Sure enough, the door is open. Three Africans just inside. They, however, are just leaving after their rhythmic ethnic afternoon. ‘Is there an evening service?’ ‘Don’t know.’ Time goes by, but the Methodists are almost opposite. Surely here…? Scaffolding, locked doors, no lights. Next stop the ancient parish church presenting a similar dark silence. I am beginning to have of a loo.

There is just time to hurry to the next parish, with its prime site, distinctive tower and Restoration Appeal. Here I don’t bother to ask the emerging Nigerians. 6.30 has come and almost gone.
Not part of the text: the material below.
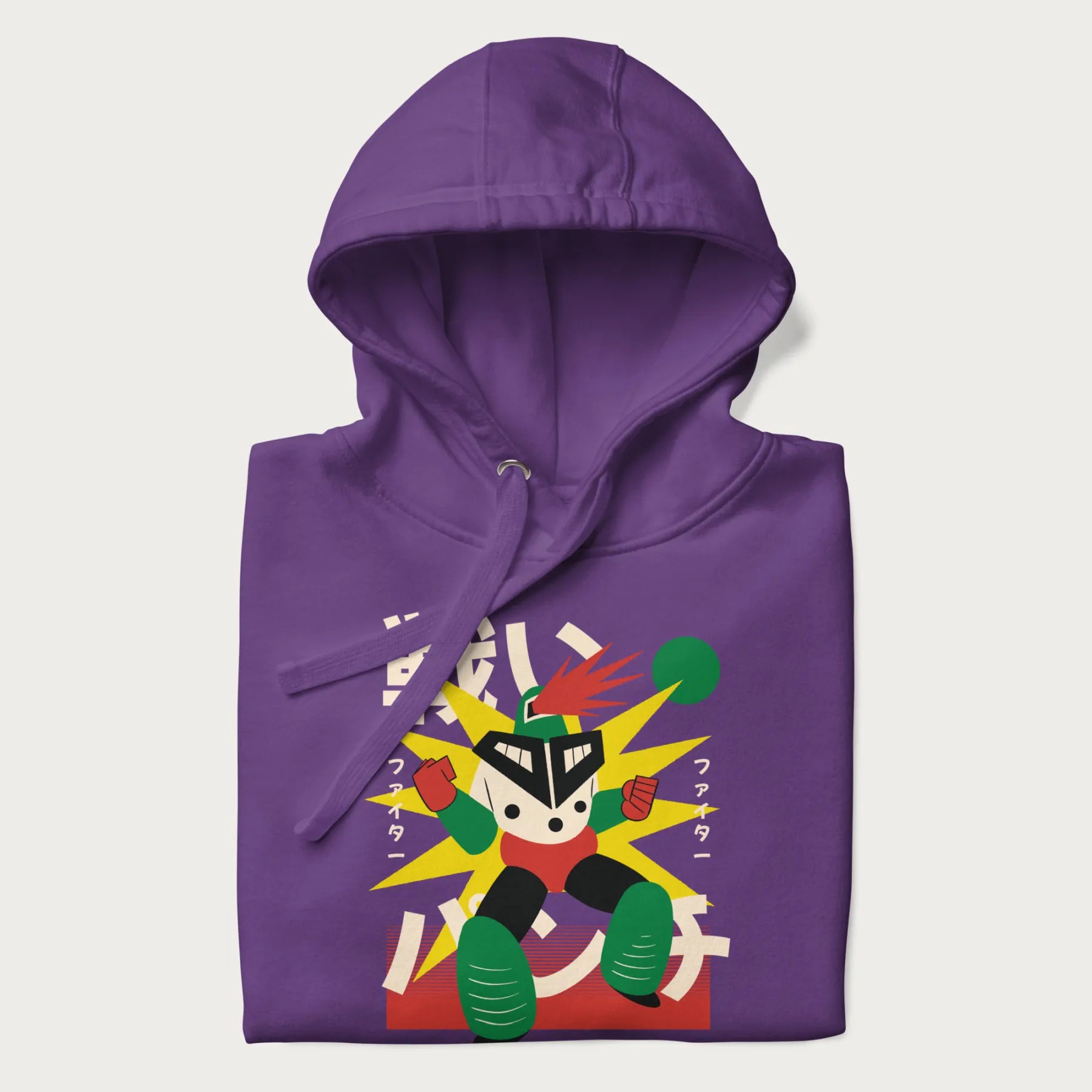 Folded purple hoodie with Japanese text and a retro-futuristic robot fighter graphic.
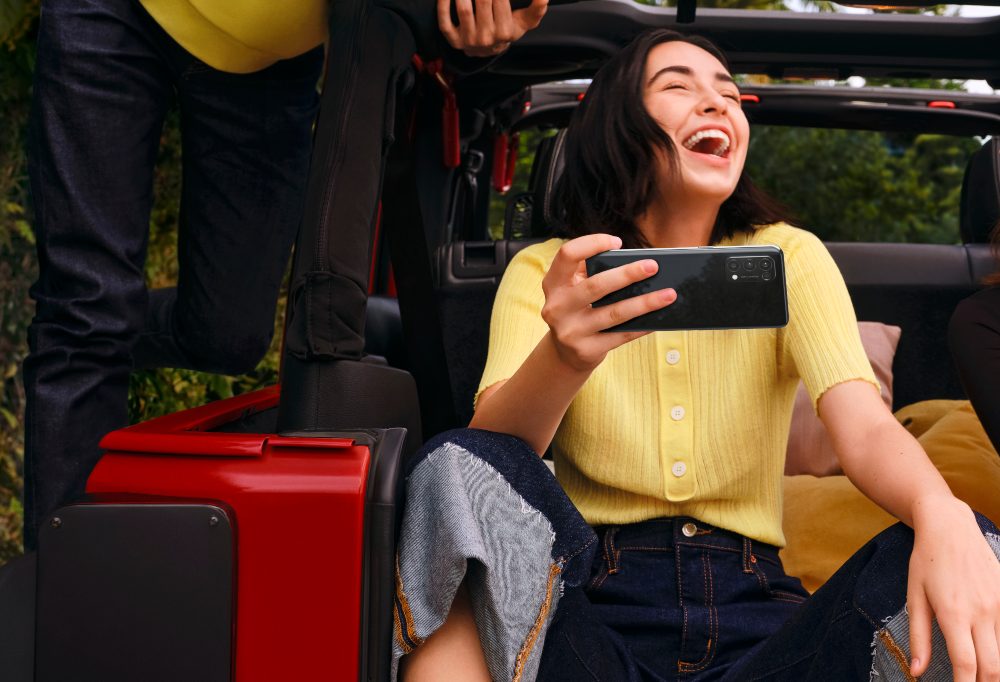 Woman holding an Oppo mobile phone whilst laughing.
One final shot remains. If all else fails, try the cathedral. I shall not even consult the board, but enter if the door is open, for meditation, mass, or magic. But hooray and amen, it’s a ‘traditional Eucharist’! I have missed one hymn and two collects, but I hear the Epistle and sing George Herbert’s wonderful ‘The God of love my Shepherd is’. The last time I did that was at my mother’s funeral eighteen years ago this week. I need not discuss here the gender of the celebrant, nor the liberties taken with Cranmer. I am ill-prepared in any case, so I do not draw near with faith; at least, not liturgically. But what saith the preacher? Behold Paul got it wrong too! His recipe was repression; not the way to sexual fulfilment and healing at all. In the name of the Father, etc.

The net conclusion from Sunday’s menu of Christian teaching was that you really cannot trust these chaps in the Bible. Jesus and Paul just hadn’t got it. And speaking of gender, the hand-dryer in the Gents doesn’t work either.